N° RG 26/00080 – N° Portalis DBYE-W-B7K-EEBW /
EXPOSÉ DES FAITS ET DE LA PROCÉDURE
Suivant offre de contrat du 14 décembre 2023, acceptée le 21 décembre 2023, la SA BNP PARIBAS PERSONAL FINANCE, sous sa marque Cetelem, a consenti à M. [S] [Z] un crédit à la consommation d’un montant de 10 000 euros, d’une durée de 24 mois, remboursable en 24 mensualités de 446,77 euros chacune, hors assurance facultative, moyennant un taux d’intérêt annuel nominal de 6,79 %.
Le 10 décembre 2024, la SA BNP PARIBAS PERSONAL FINANCE a cédé à la société INVEST CAPITAL LTD sa créance contre M. [S] [Z] au titre de ce prêt.
Se prévalant d’échéances impayées et de la déchéance du terme de ce prêt, la société INVEST CAPITAL LTD, par acte de commissaire de justice du 3 février 2026, a fait assigner en paiement M. [S] [Z] devant le juge des contentieux de la protection du tribunal judiciaire de Châteauroux.
M. [S] [Z], assigné par acte délivré à étude selon les modalités prévues à l’article 656 du code de procédure civile, n’a pas comparu et n’a fait connaître aucun motif d’empêchement ni demande de renvoi.

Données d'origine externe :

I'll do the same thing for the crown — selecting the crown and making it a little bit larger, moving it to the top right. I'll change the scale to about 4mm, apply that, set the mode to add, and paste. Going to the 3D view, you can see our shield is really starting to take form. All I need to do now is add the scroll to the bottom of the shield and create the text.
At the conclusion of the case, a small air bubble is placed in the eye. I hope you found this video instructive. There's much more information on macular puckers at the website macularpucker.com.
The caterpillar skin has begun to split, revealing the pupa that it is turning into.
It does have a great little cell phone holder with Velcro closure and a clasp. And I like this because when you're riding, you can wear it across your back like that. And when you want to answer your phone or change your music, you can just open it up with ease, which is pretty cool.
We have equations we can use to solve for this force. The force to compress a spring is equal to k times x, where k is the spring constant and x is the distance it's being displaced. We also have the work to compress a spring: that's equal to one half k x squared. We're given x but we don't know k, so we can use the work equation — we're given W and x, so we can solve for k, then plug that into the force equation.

Prétentions et moyens des parties
A l’audience, la société INVEST CAPITAL LTD, déposant son dossier et s’en rapportant sur toutes causes de déchéance du droit aux intérêts ou de nullité, maintient les termes de son assignation et demande ainsi au juge des contentieux de la protection, sous le bénéfice de l’exécution provisoire de droit, de :
A titre principal : Condamner M. [S] [Z] à lui payer la somme de 8 824,15 euros au titre du prêt n° [XXXXXXXXXX01], avec intérêts au taux contractuel de 6,79 % à compter de la mise en demeure du 18 novembre 2024 ou, subsidiairement, à compter de l’assignation ; Ordonner la capitalisation annuelle des intérêts ; Subsidiairement, Prononcer la résiliation judiciaire du contrat ; Condamner en conséquence M. [S] [Z] à lui payer la somme de 8 824,15 euros « au taux légal à compter du jugement à intervenir » ; En tout état de cause : Condamner M. [S] [Z] aux dépens ; Condamner M. [S] [Z] à lui payer la somme de 800 euros sur le fondement de l’article 700 du code de procédure civile.

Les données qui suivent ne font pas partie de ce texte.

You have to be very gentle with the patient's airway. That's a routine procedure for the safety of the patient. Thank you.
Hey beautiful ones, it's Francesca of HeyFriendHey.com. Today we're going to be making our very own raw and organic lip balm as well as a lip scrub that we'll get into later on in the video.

Au soutien de ses demandes en paiement, se fondant (sic) « sur les dispositions des articles 1103 et suivants du code civil, sur la théorie générale des obligations ainsi que sur les dispositions des articles L. 311-1 et suivants du code de la consommation », la société INVEST CAPITAL LTD fait valoir que M. [S] [Z] a cessé de régler les mensualités du prêt depuis juin 2024.

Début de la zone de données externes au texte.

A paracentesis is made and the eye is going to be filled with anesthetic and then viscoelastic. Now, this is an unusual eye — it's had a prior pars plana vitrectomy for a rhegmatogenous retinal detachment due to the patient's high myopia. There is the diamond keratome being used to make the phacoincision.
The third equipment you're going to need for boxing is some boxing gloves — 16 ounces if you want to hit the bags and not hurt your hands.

Elle estime à titre principal que la déchéance du terme lui est acquise au vu de la mise en demeure préalable à celle-ci adressée à l’emprunteur par courrier du 11 octobre 2024, restée sans effet. Elle précise que la déchéance du terme lui a ensuite été notifiée par courrier recommandé du 18 novembre 2024.
Subsidiairement, dans l’hypothèse où il serait considéré que la déchéance du terme ne lui est pas acquise, se fondant sur les articles 1224 à 1229 du code civil, elle fait valoir que depuis la mise en demeure précitée, suivie de l’assignation, M. [S] [Z] n’a (sic) « effectué aucun règlement pour régulariser sa situation », ce qui caractérise selon elle de graves manquements de sa part dans le respect de ses obligations contractuelles, justifiant le prononcé de la résiliation judiciaire.
Concernant le montant de sa créance, dans ces deux hypothèses, et notamment son droit aux intérêts conventionnels, elle soutient que le FICP a été régulièrement consulté, que la fiche de dialogue a bien été établie et signé et que la FIPEN comme la notice d’assurance facultative, à laquelle a souscrit l’emprunteur, ont bien été transmises à ce dernier.
Elle précise que la somme réclamée à hauteur de 8 824,15 euros correspond à un décompte établi au 11 décembre 2025, après que des règlements sont intervenus postérieurement à la déchéance du terme.
***
MOTIVATION
Selon l’article 472 du code de procédure civile, lorsque le défendeur ne comparaît pas, il est néanmoins statué sur le fond. Le juge ne fait alors droit à la demande que s’il l’estime régulière, recevable et bien fondée.
Selon l’article R. 632-1 du code de la consommation, le juge peut relever d’office tous les moyens tirés de l’application des dispositions de ce code.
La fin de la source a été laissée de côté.